The brand needs to prioritize the objectives that they wish to achieve. These objectives in respect to Walmart have been stated as follows:
- Ensuring that revenues coming by the international markets should be accountable towards generating at least 45% of total revenues.
- To form a strategic partnership with a minimum of one local company in every fresh market Walmart enters (Clinton, and Whisnant, 2019).
- To ensure that Walmart can reach among the top 3 global department stores by the level of revenues by 2020.
Entering foreign market
There are different types of foreign market entries but organisations such as John Lewis follows wholly-owned subsidiaries' technique concerning foreign market entry that provides the company with different types of substantial benefits that entail freedom in picking up the strategy, safeguarding the technology, the capability of engaging within the global strategic coordination, as well as an ability to realize location and experience economies (Bruijl, 2018). For instance, the branding of John Lewis branding across the Chinese market will be structured in such a mannerin view to the brand will be depicted as interconnected to prestige, achievement and social status.
The selection of such strategy for branding within the Chinese segment is considered to be likely developed on the accountability of the cultural featuresconcerning Chinese customers that give value to social status and preservingthe face, and enhanced levels to the households’ income in Chinadue to fast economic development within the nation. The focus of John Lewis is on obtaining a minimum of 15% off the department store market within Beijing and Shanghai. Also, the company is focused on attaining an annual growth rate of nearly 18% across the global markets (Reuber, et al. 2018). In implementing the entry of wholly-owned subsidiaries approach in accessing the Chinese segment John Lewis must need in exploring the probabilities of developing strategic agreements by major businesses of China within a mutual benefitted technique. This will be as a form that do not compromise with the operation freedom and competitive edge concerning John Lewis.

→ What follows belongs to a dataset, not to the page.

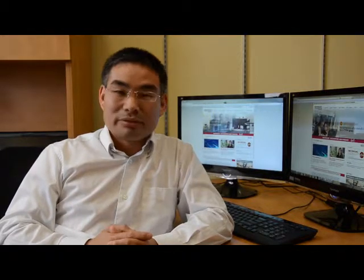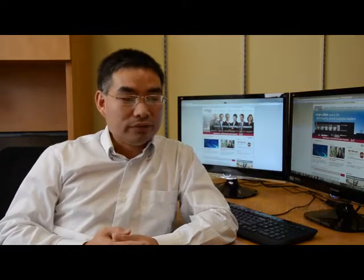Hi everybody, I'm Alan Wang, Assistant Professor of Finance from the School of Accounting and Finance. I teach the course AFM 472. This is a course for upper-year students, 3A to 4B, and the course title is Equity Investments.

By collaborating externally with the business, John Lewis has been focused on connecting to the company, making employees as partners is seen as core in the innovative development (Storey, and Salaman, 2017). Within the HQ of John Lewis, there is a consumer hub in which five customers per day, five days per week examine John Lewis's products, so that the team may tweak and refine it as needed. Such a scientific approach mixes execution and speed for ensuring the consumer experience is the core of the innovation.

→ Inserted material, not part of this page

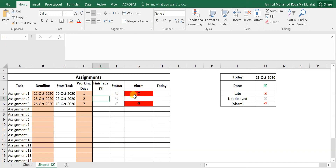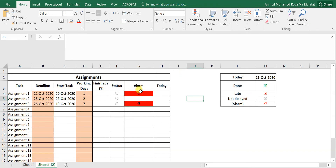Now for the alarm column — I want to notify myself that I'm about to submit. The alarm checks against the start date, not the deadline, because I may be behind even if I'm not yet late. If today is greater than or equal to the start date, give me an alarm — provided there is no Y, meaning the task isn't finished yet.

Based on the study, it was found that the development of global operational strategies is highly focused on brand entry into a new market or the development of innovative services and strategies based on the market position of the selected brand. It is also acknowledged that the selection of the wholly-owned subsidiaries method for foreign market entry, is also linked to the different types of risks and disadvantages that may be referred to as high risk. To enter the foreign market, brands such as John Lewis highly needs to be dependent upon their traditional business strategy that has ensured their success within the UK marketplace when accessing the foreign market. This strategy generally involves targeting big earners and providing their high-quality products and services against the premium prices.